What he was saying was that I needed to move beyond the hope that the candidate would be a perfect fit – no matter how much I wanted that to be the case.

think past hopeConservative estimates are just as bad as wild ones.

I helped run another company where we were responsible for creating the timelines for every major software release of our flagship product. These were the big dates that would be announced to the tons of large companies that were our clients.

So I would gather all the right folks into a boardroom and get estimates from each. They would focus on what we were trying to do, what we had left to do, and what kinds of efforts would be involved, in terms of time, to get our product out the door.

Invariably, one person at the table would tell me that we’d be done in the next week or two. He knew that everyone else would take longer. He just wanted to claim that he wasn’t holding anyone up. We both knew that he wouldn’t be done in a pair of weeks.

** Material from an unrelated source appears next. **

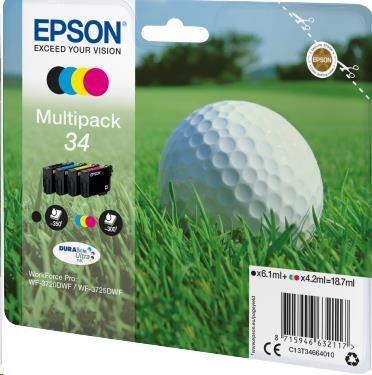 EPSON ink Multipack 4-colours "Golf" 34 DURABrite Ultra Ink (C13T34664010)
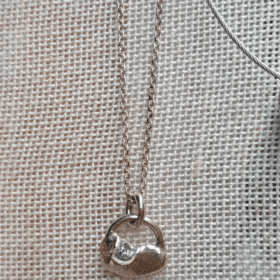 penjoll plata cadena fina diamant brut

Others would tell me they needed a couple of quarters – which was way too long. More importantly, their estimates were wrong too. Just because they were super conservative didn’t help any.

What I wanted was accuracy. Not hope. Not ridiculousness.

Single outcome predictions

Whether you’re working to hire someone, working on a budget, or working on effort estimates, the reality is that most of our teams are filled with people who are making predictions on a single outcome trajectory.

Some people on your team are always hoping for the best. Their single outcome expectation is that everything goes great.

Other folks on your team never see the sun. Everything will always go wrong. And they feel helpful by preparing for that single outcome.

It doesn’t matter what side they’re on. They can’t get themselves to consider multiple outcomes.

Ever heard of multivariate analysis? Sound like it’s too tough to consider? I feel your pain. And because even the phrase sounds frightening, we don’t teach our staff or teams to think in this way.

Four questions to help your teams think in multiple directions

The four questions I’m going to show you here are not rocket science. They’re all “what if” questions. But I find that they’re helpful in causing people to think in more than just one direction.

1. What if I didn’t exist?

In other words, instead of counting on me to make a final call, what would you do if the final call were yours? Or what additional information were you hoping that I could give you will you need to now go get on your own? Or what if I wasn’t holding you back at all?

2. What if I wanted to cut the time in half?

In other words, what if I didn’t want to just incrementally adjust your concept, proposal or budget? What if I wanted to carve it in half? Cut its resources and/or timeline? What would you do? What could you do? What would you be willing to do?

3. What if you were given 30% more resources (time and/or money)?

In other words, if I wanted to accelerate things and I gave you more time or money, what would the result be? Would you be done more quickly? Would you improve your plan? How would additional resources change the nature of what you thought was possible?

4. What if you discover this will fail in the next couple of weeks?

In other words, if this budget, effort, estimate, or expectation were to fall apart quickly – what would you do? Would you double down? Would you skip it entirely? Would you need different folks to help you?

When put together in a single conversation, they can make the person on the other side of the table injured from whiplash. They don’t know if you’re coming or going. But that’s not the point.

The point is to teach people to think in multiple directions.

When you do that, you’ve taught them real contingency planning. And that’s what it means when I say leaders teach others to think past hope.